**EXERCISE OBJECTIVE**:
Could you restate word for word only the lines below from the one holding "a living room" to the one holding "Copy of print", inclusive, and leave out the pictures?

= Beginning of Section =

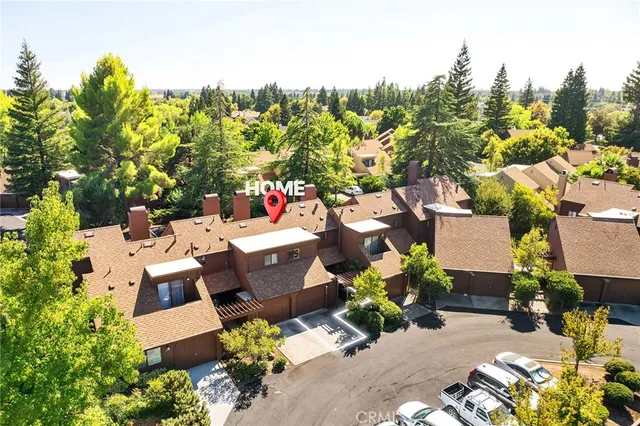 an aerial view of a house with a yard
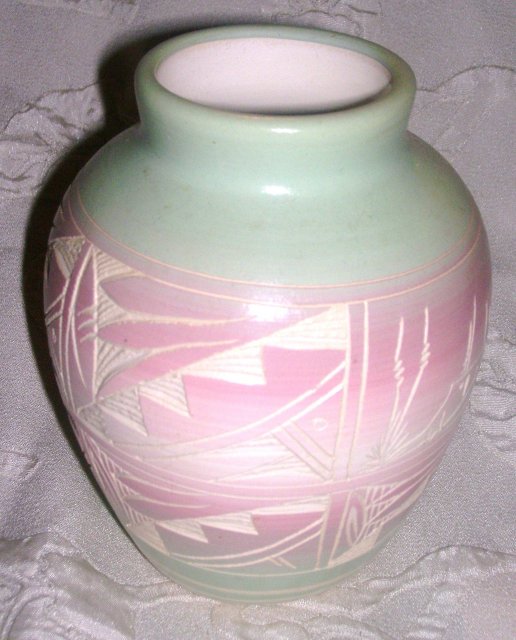 A Horizonal pottery vase, Hand painted by Native American Artist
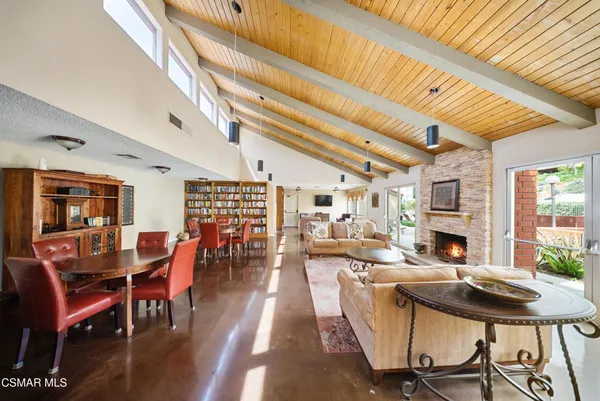 a living room with stainless steel appliances kitchen island granite countertop furniture and a kitchen view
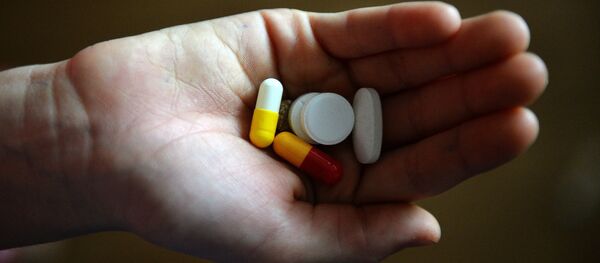 Таблетки в руке - Sputnik Молдова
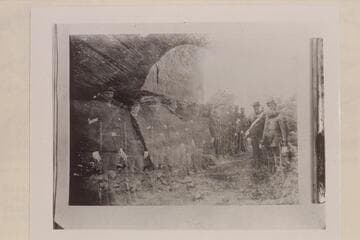 Copy of print owned by Peter Orrin Barker, Escalante, Utah, showing the window in Davis Gulch off the Escalante River.  A double exposure put the Cannonville Militia on the same print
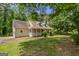 Traditional home with a well-kept lawn and covered front porch at 145 County Line Ct, Fayetteville, GA 30215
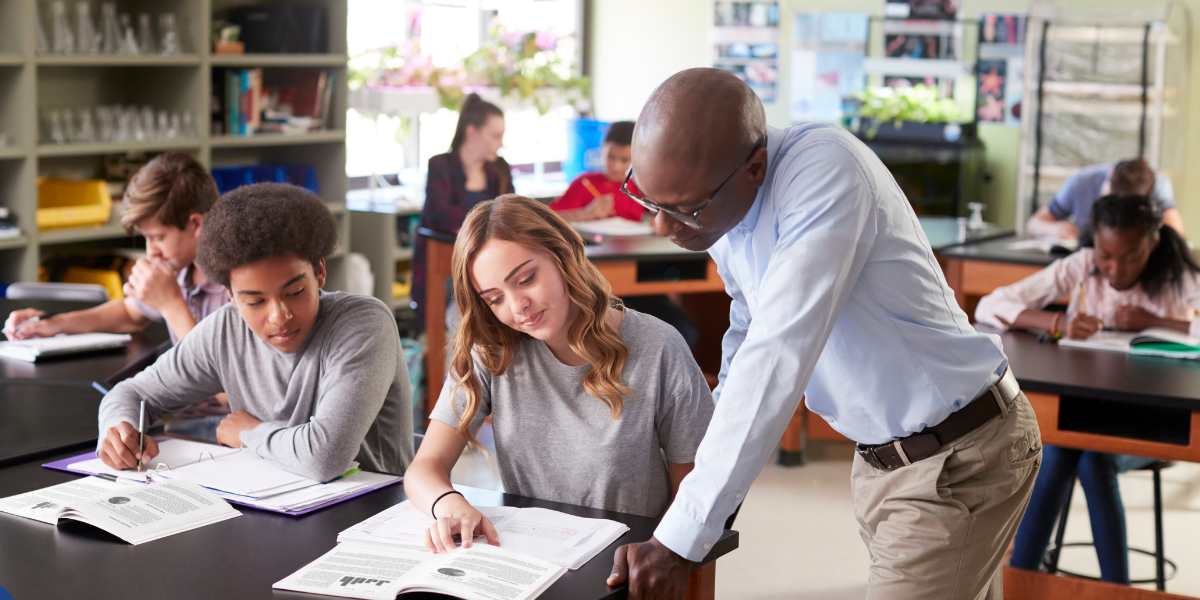 A supportive male teacher leaning over a classroom desk to guide a female high school student through a textbook, with other students studying in a bright classroom setting.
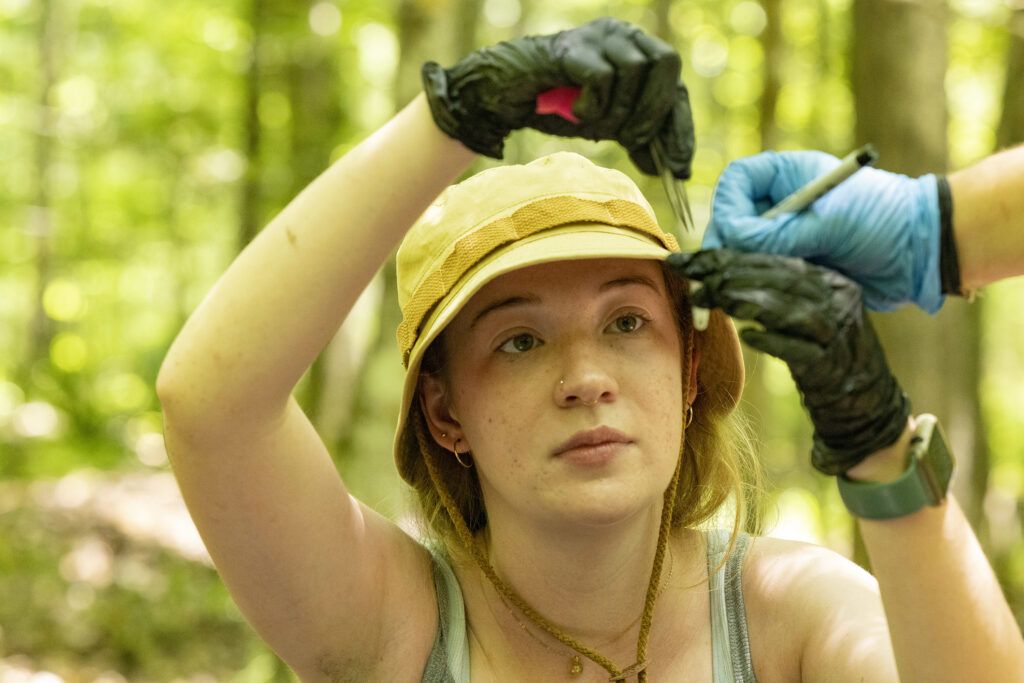 A closeup of a young woman in the middle of a forest studying a test tube. She is wearing black gloves and a yellow bucket hat.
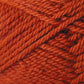 Close-up image of tightly wound, rust-colored yarn. The yarn's texture is prominent, showcasing its fibrous, twisted strands arranged in a diagonal pattern within the skein. This is Kingfisher Yarn & Fibre's Jo Sharp Classic DK Wool, perfect for your finest knitting projects.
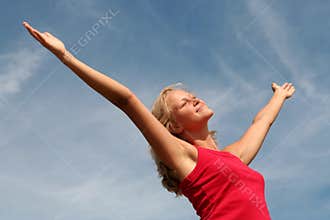 Happy woman with her arms wide open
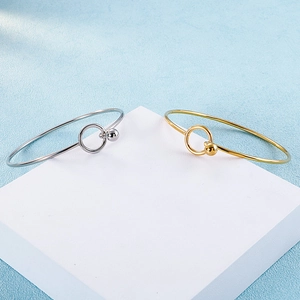 Detail view of minimalist gold and silver round metal bangles with bead accents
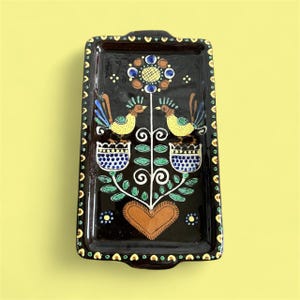 May include: Rectangular black ceramic tray with a colourful folk art design. The tray features two yellow birds, a brown heart, and floral elements in blue, green, and brown. The border is decorated with small yellow and blue dots.
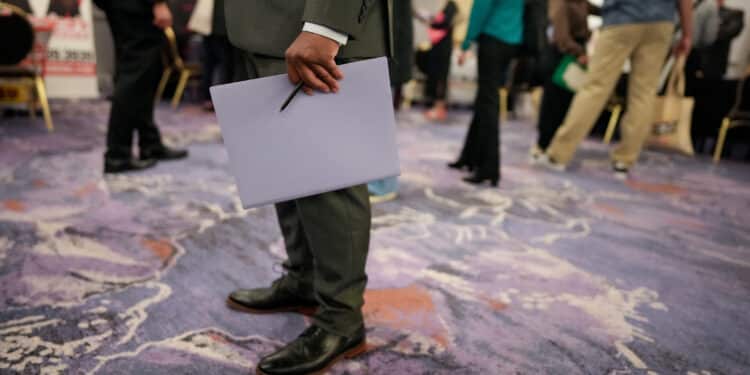 Job seekers attend a Diversity Career Group job fair in Los Angeles, California, US, on Thursday, April 17, 2025. Applications for US unemployment benefits fell to the lowest level in two months, consistent with a stable labor market.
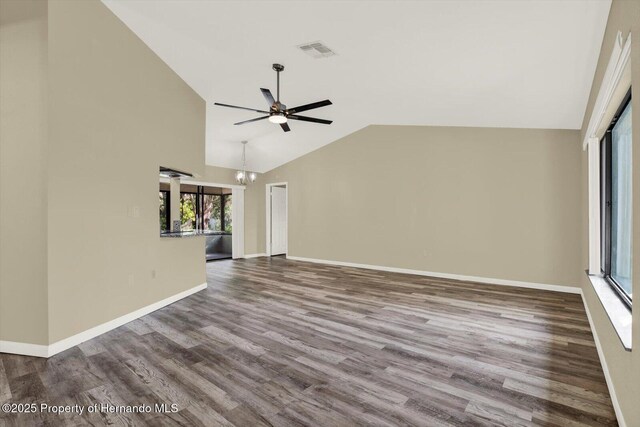 unfurnished living room with wood finished floors, visible vents, baseboards, and ceiling fan with notable chandelier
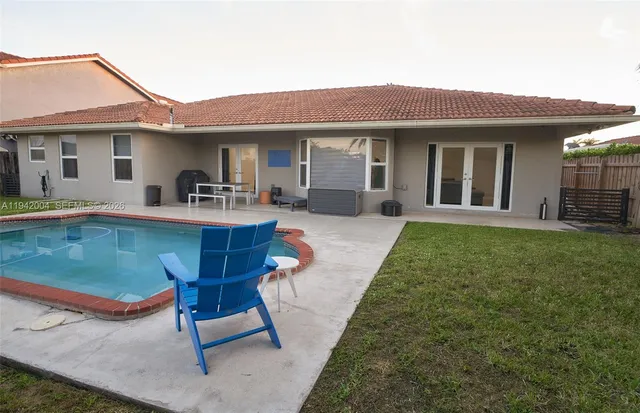 a view of a house with a yard and sitting area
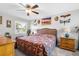 Bright bedroom featuring a ceiling fan, side tables, a bed with a colorful quilt, and a window with shutters at 7339 Thomas St, Englewood, FL 34224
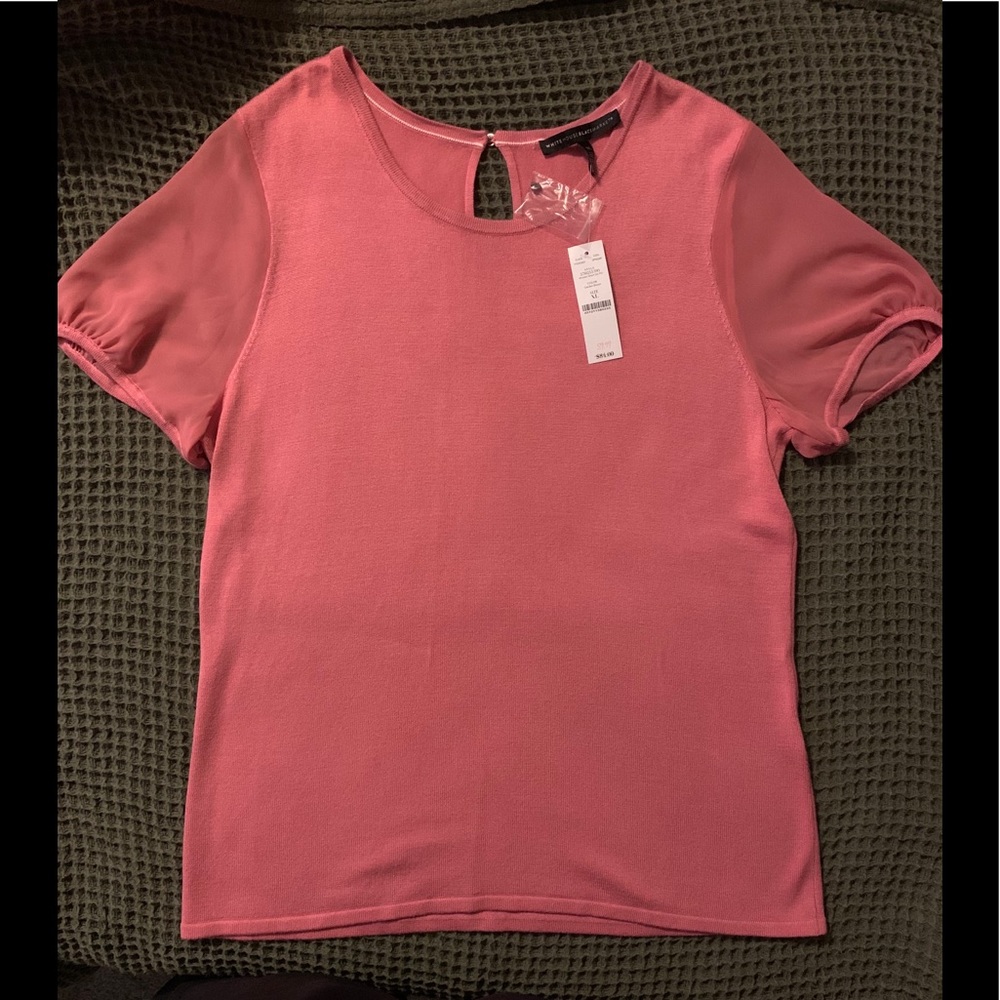 Pink shirt.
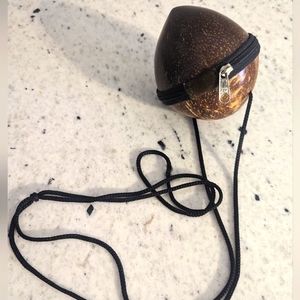 Jamaican coconut necklace container 🥥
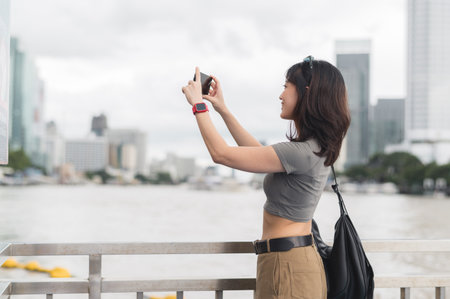 Solo southeast asian woman teenager blogger world travel explorer wait to take photo. Express asia tourism concept and local cultural experience of boat on Chao Phraya river Bangkok Thailandの写真素材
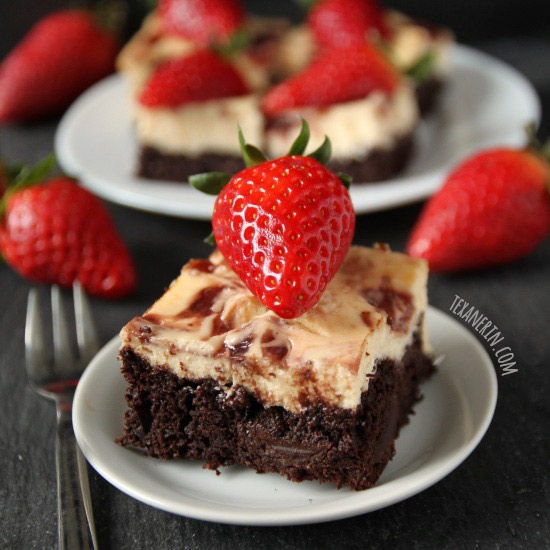 These fudgy strawberry cheesecake brownies are made healthier with Greek yogurt and 100% whole grains!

= End of Section =

**EXERCISE SOLUTION**:
 a living room with stainless steel appliances kitchen island granite countertop furniture and a kitchen view
 Таблетки в руке - Sputnik Молдова
 Copy of print owned by Peter Orrin Barker, Escalante, Utah, showing the window in Davis Gulch off the Escalante River.  A double exposure put the Cannonville Militia on the same print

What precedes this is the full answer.